Task details → Repeat the entries exactly but omit the pictures.

Extracted data →

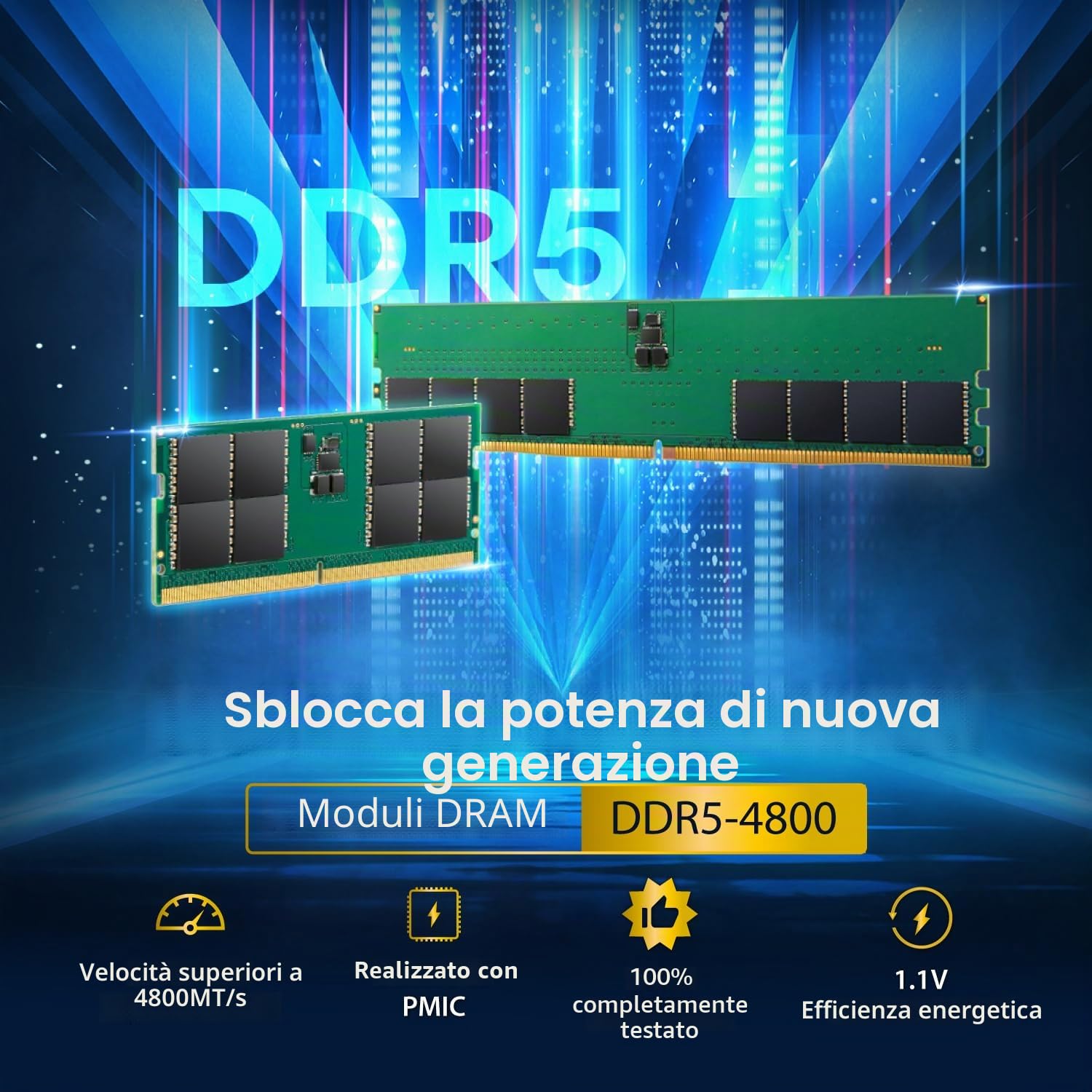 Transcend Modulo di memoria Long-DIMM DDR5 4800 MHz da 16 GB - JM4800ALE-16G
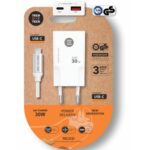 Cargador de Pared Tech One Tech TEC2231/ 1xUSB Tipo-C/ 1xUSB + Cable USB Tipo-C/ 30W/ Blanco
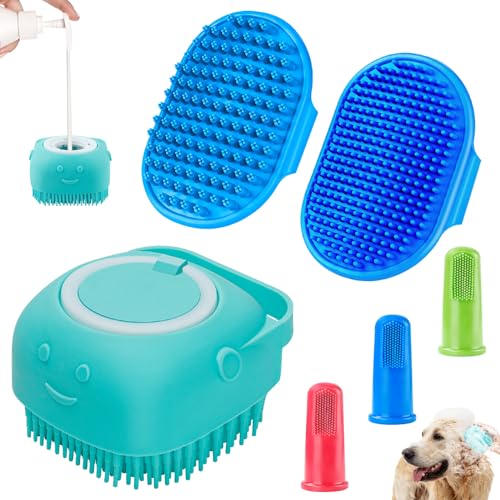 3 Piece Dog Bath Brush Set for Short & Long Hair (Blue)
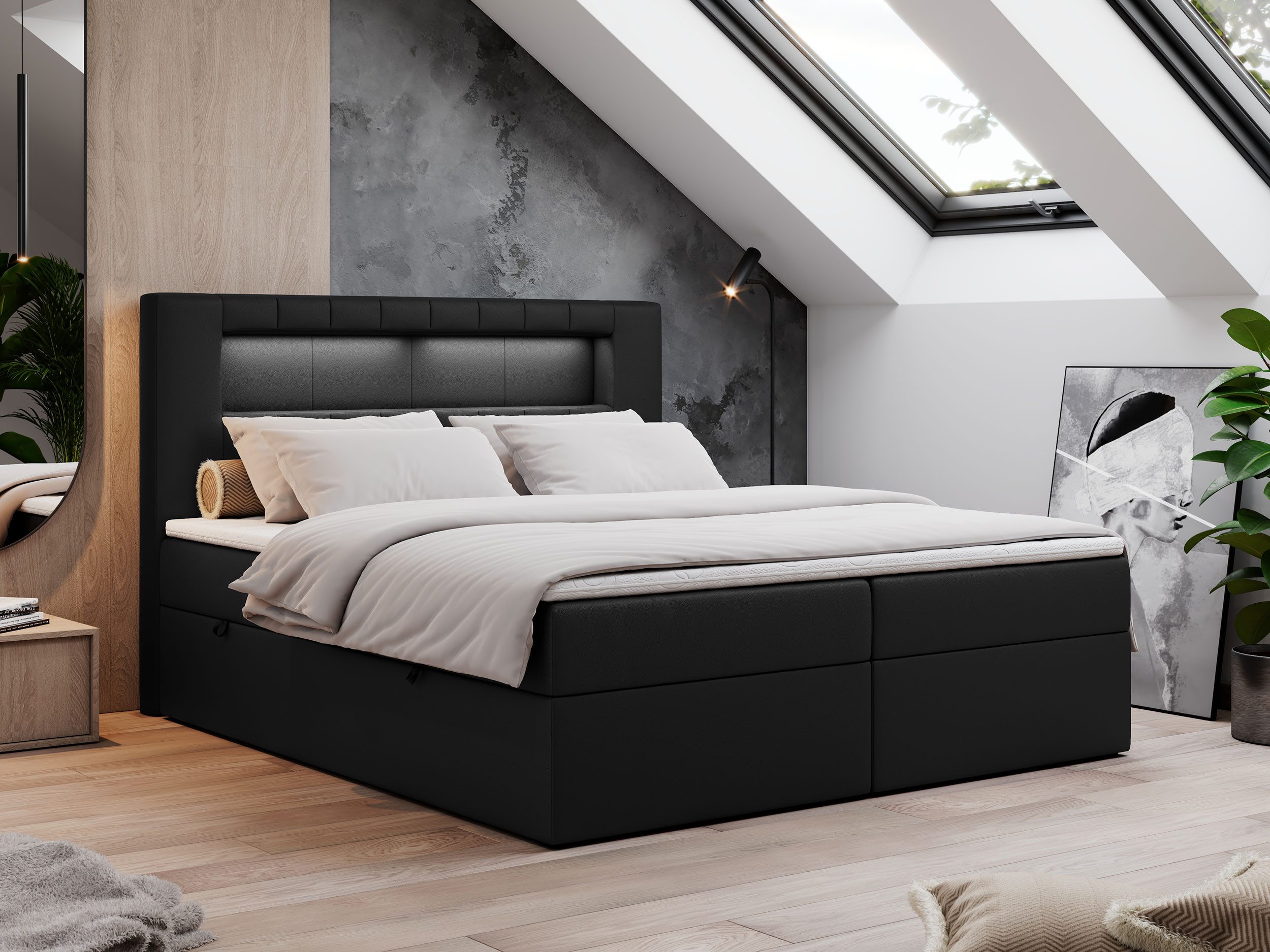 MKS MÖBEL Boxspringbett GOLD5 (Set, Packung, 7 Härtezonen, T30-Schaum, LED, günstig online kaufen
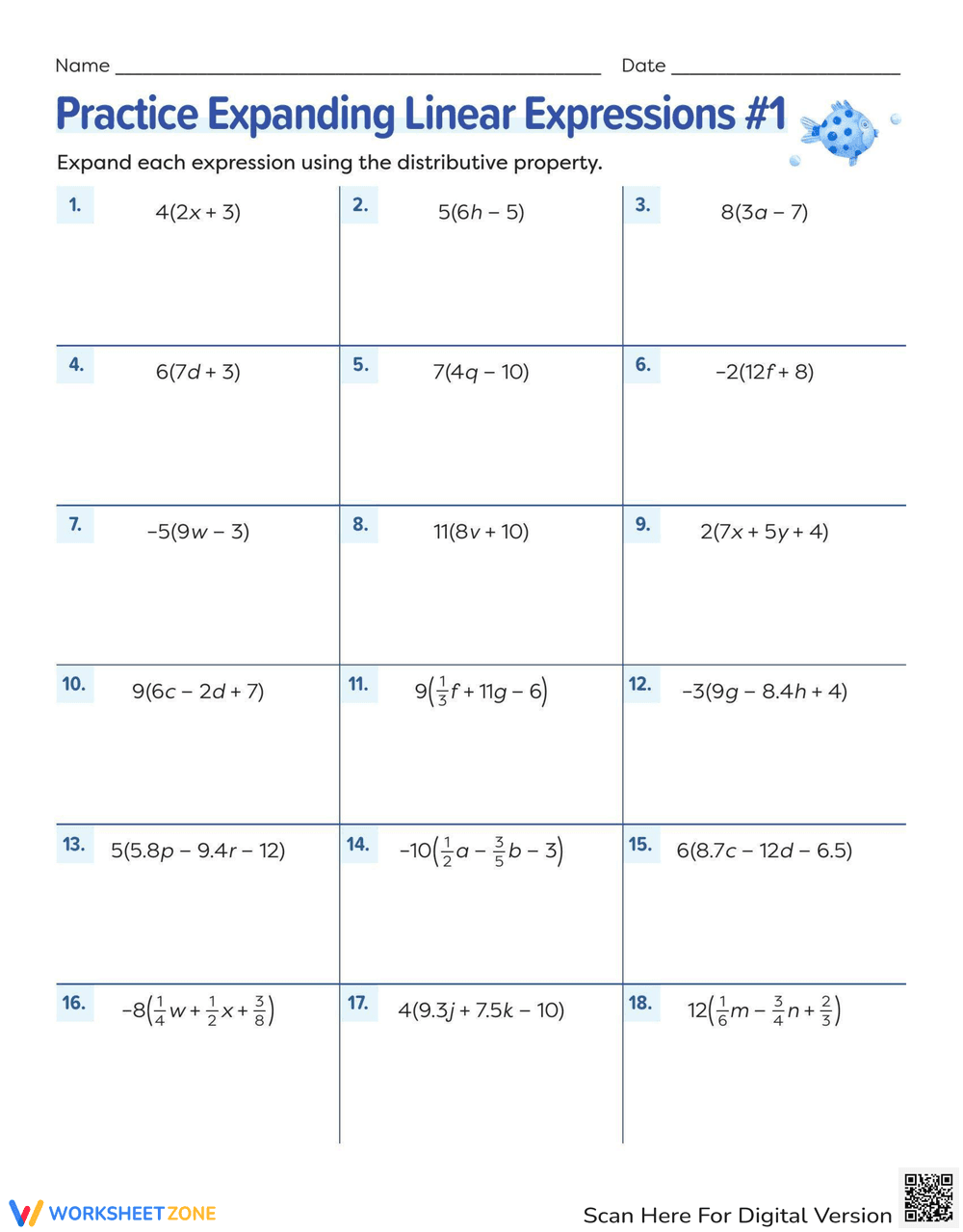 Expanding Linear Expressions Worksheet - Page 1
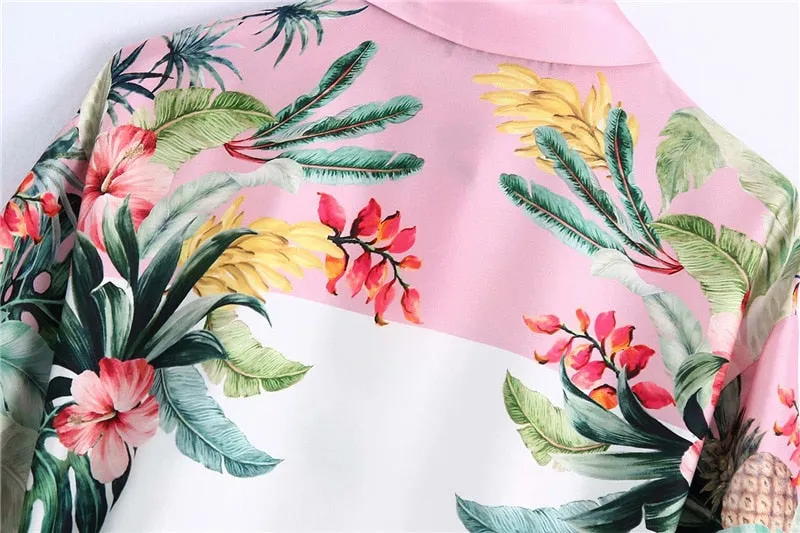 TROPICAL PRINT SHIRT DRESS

Exercise answer →
 Transcend Modulo di memoria Long-DIMM DDR5 4800 MHz da 16 GB - JM4800ALE-16G
 Cargador de Pared Tech One Tech TEC2231/ 1xUSB Tipo-C/ 1xUSB + Cable USB Tipo-C/ 30W/ Blanco
 3 Piece Dog Bath Brush Set for Short & Long Hair (Blue)
 MKS MÖBEL Boxspringbett GOLD5 (Set, Packung, 7 Härtezonen, T30-Schaum, LED, günstig online kaufen
 Expanding Linear Expressions Worksheet - Page 1
 TROPICAL PRINT SHIRT DRESS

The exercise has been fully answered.